Speaking from personal experience, I enjoyed the sense of history and permanence that came from converting to Catholicism in 2007.
However, when I went to a parish that offered the Extraordinary Form around two months ago, I was blown away by the beauty of the sanctuary (the church of Blessed Sacrament was over eighty years old at that point), the reverence of the congregation (of which many were the stereotypical ‘Catholic family’ with at least four kids each, which filled my heart with joy), and the sheer sense of holiness that pervaded the Mass. The priest was blunt and challenging in his homily, and was more than ready to call us out on the follies of our current society.

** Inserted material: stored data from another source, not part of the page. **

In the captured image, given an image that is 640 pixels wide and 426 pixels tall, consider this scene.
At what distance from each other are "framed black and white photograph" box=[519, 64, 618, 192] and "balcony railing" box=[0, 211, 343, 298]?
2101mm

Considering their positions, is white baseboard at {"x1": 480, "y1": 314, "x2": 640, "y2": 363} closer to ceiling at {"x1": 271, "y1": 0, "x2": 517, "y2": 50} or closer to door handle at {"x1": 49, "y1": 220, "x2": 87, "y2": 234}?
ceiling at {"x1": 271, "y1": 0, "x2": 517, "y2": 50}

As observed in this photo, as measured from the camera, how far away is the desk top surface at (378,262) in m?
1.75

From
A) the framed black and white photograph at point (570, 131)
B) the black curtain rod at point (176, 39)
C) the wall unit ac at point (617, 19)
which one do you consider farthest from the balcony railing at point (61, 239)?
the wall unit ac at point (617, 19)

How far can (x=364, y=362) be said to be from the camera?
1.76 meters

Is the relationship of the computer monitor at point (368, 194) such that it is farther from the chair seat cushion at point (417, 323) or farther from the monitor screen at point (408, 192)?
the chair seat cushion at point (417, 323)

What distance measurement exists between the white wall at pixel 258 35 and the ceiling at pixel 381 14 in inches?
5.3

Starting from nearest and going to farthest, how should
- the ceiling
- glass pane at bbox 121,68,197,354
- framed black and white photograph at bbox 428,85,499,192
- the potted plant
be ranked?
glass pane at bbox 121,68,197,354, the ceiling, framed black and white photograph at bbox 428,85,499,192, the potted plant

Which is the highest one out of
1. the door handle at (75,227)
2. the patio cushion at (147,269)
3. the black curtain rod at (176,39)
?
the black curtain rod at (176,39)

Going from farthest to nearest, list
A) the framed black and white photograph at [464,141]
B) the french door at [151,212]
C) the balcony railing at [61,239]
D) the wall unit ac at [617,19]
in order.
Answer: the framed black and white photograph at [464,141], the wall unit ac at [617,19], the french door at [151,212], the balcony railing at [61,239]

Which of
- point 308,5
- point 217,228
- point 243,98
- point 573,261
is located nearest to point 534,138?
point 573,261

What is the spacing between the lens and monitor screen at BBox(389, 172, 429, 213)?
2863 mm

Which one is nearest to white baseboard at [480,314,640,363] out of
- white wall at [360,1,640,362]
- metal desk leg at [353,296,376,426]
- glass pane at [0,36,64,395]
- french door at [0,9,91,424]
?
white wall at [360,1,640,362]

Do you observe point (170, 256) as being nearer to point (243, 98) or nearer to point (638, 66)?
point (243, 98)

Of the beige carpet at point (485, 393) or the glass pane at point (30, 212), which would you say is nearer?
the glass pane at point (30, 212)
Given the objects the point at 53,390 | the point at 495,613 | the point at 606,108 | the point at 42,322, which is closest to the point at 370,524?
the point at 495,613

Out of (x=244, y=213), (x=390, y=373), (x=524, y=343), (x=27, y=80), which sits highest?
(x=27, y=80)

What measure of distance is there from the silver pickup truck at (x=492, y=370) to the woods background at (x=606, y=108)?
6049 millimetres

Compared to the relatively milquetoast homilies of my current parish’s priest (where I’ve been since conversion and confirmation!) and its rather barren ‘modern’ architecture, it was like seeing colors and hearing music for the first time.
I have been to two Tridentine Masses. I prefer the new Mass mostly because of the orientation of the Priest but also because I prefer the Mass mixed with English and Latin. However, I could see acquiring a “taste” for the Tridentine Mass if that is the only one available and eventually preferring that over the new Mass. Sort of like switching to non fat milk which I disliked at first but now cannot stand even low fat.
At the last Tridentine Mass I attended the Priest said in his homily that Judas is the only human we know for sure is in Hell........hmmmmmmm.